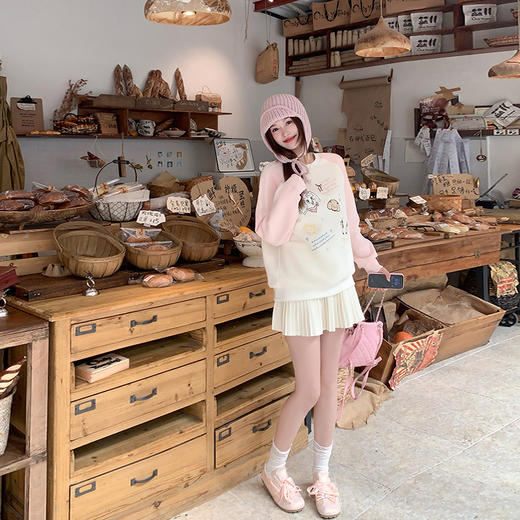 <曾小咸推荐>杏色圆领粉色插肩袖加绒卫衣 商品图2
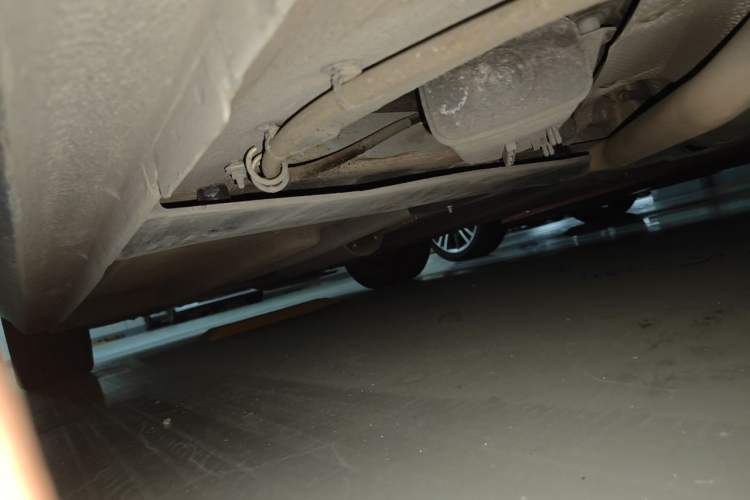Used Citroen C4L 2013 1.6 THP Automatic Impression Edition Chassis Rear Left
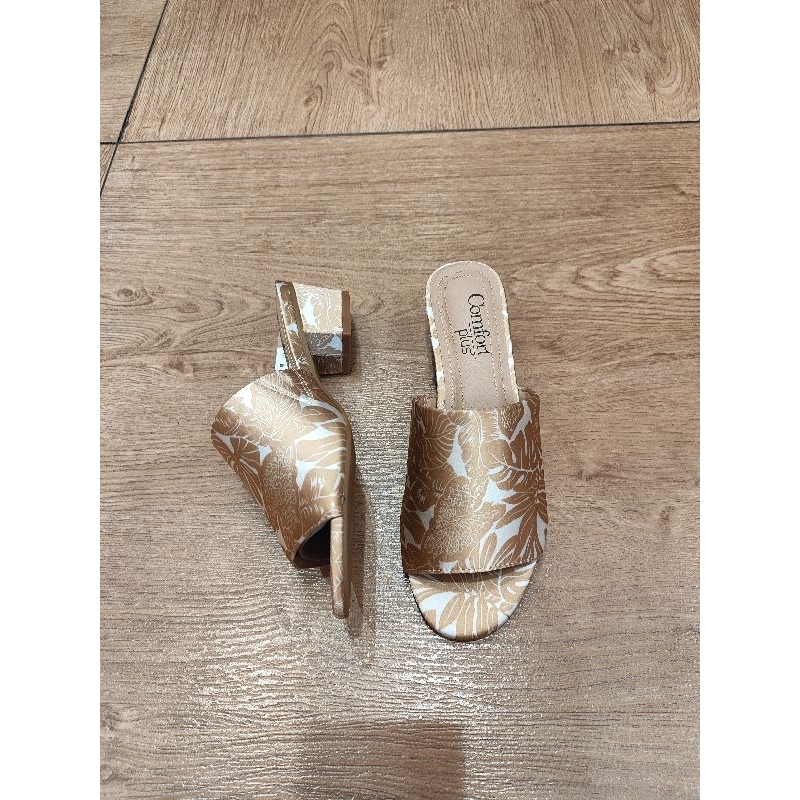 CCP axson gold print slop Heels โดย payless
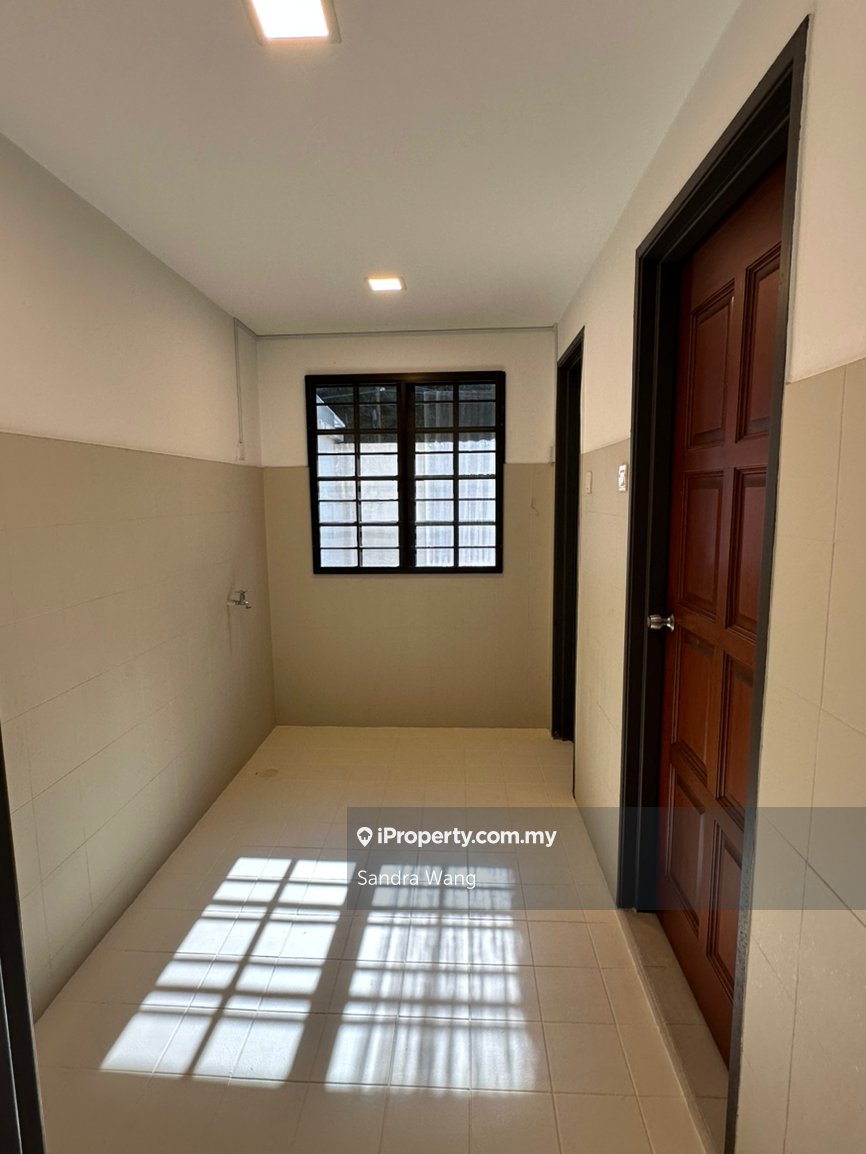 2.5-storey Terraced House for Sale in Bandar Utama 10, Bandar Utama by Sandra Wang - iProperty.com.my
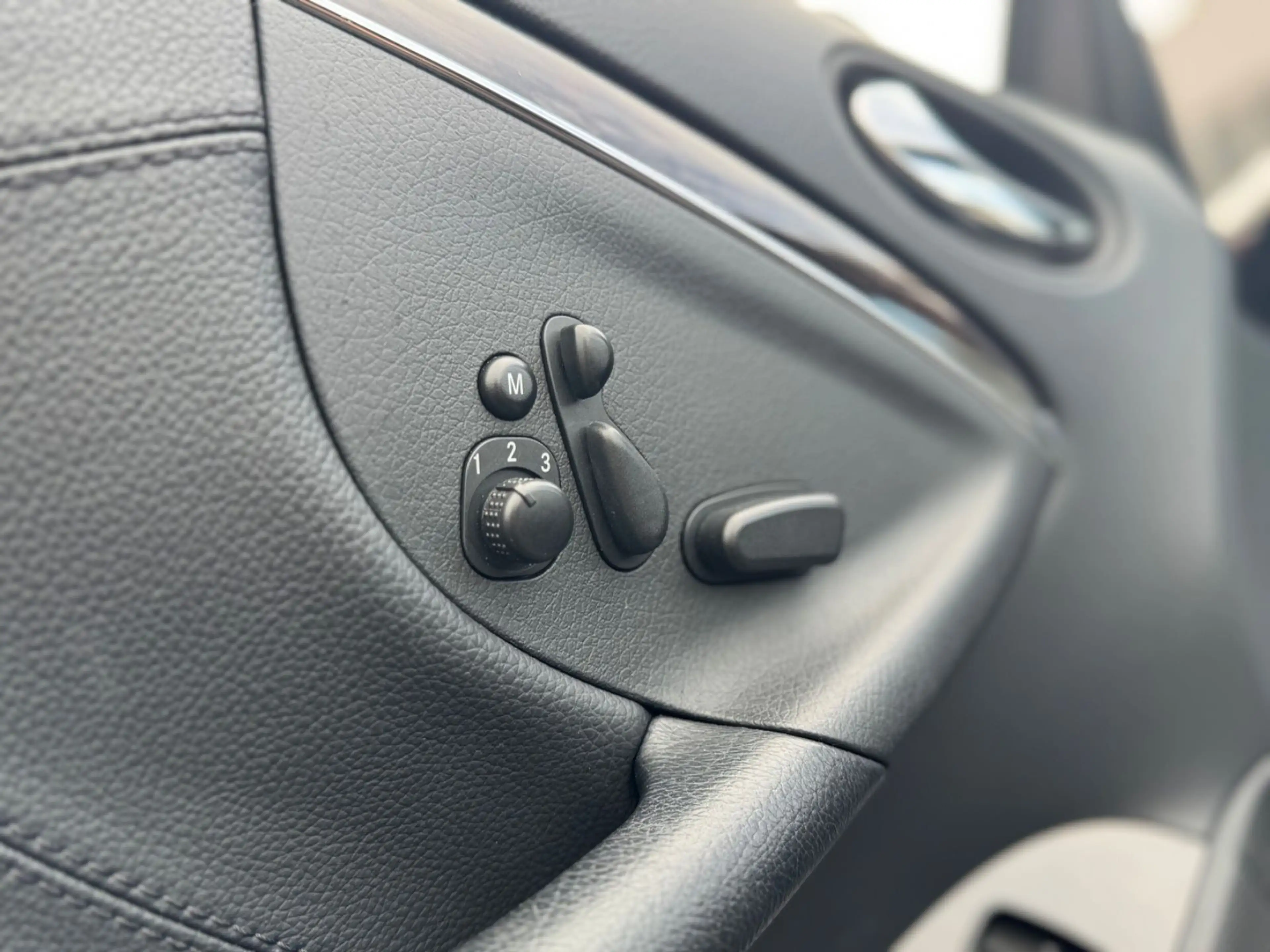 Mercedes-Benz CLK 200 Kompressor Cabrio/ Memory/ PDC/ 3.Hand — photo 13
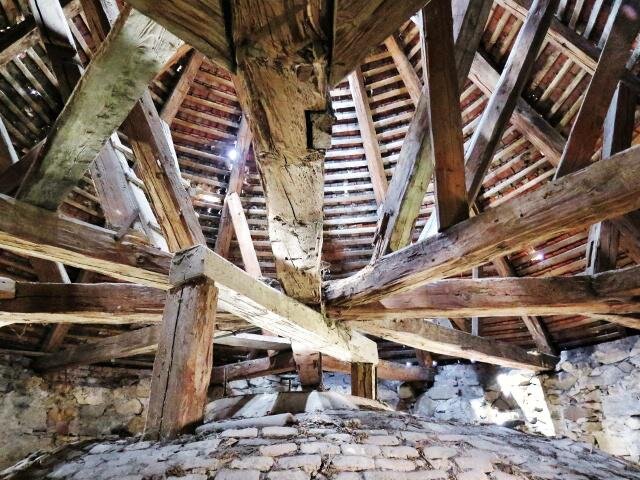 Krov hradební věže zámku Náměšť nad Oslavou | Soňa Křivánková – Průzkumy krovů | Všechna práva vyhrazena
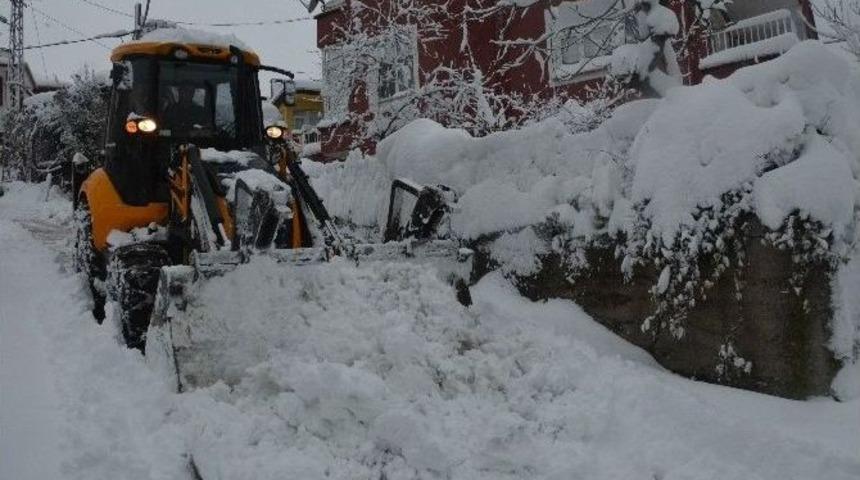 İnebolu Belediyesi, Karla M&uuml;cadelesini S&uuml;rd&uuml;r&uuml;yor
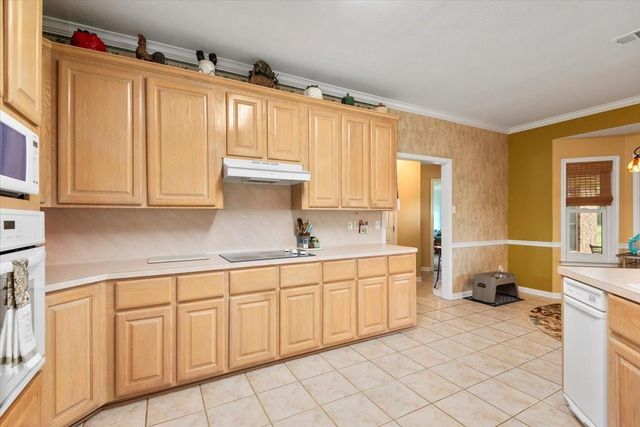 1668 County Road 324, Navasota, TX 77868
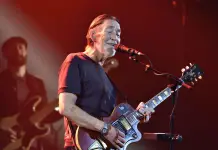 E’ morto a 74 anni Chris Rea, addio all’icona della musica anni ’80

GOAL OF THE EXERCISE:
Return all of the lines above without alteration, minus the pictures.

RESULT:
 <曾小咸推荐>杏色圆领粉色插肩袖加绒卫衣 商品图2
Used Citroen C4L 2013 1.6 THP Automatic Impression Edition Chassis Rear Left
 CCP axson gold print slop Heels โดย payless
 2.5-storey Terraced House for Sale in Bandar Utama 10, Bandar Utama by Sandra Wang - iProperty.com.my
 Mercedes-Benz CLK 200 Kompressor Cabrio/ Memory/ PDC/ 3.Hand — photo 13
 Krov hradební věže zámku Náměšť nad Oslavou | Soňa Křivánková – Průzkumy krovů | Všechna práva vyhrazena
 İnebolu Belediyesi, Karla M&uuml;cadelesini S&uuml;rd&uuml;r&uuml;yor
 1668 County Road 324, Navasota, TX 77868
 E’ morto a 74 anni Chris Rea, addio all’icona della musica anni ’80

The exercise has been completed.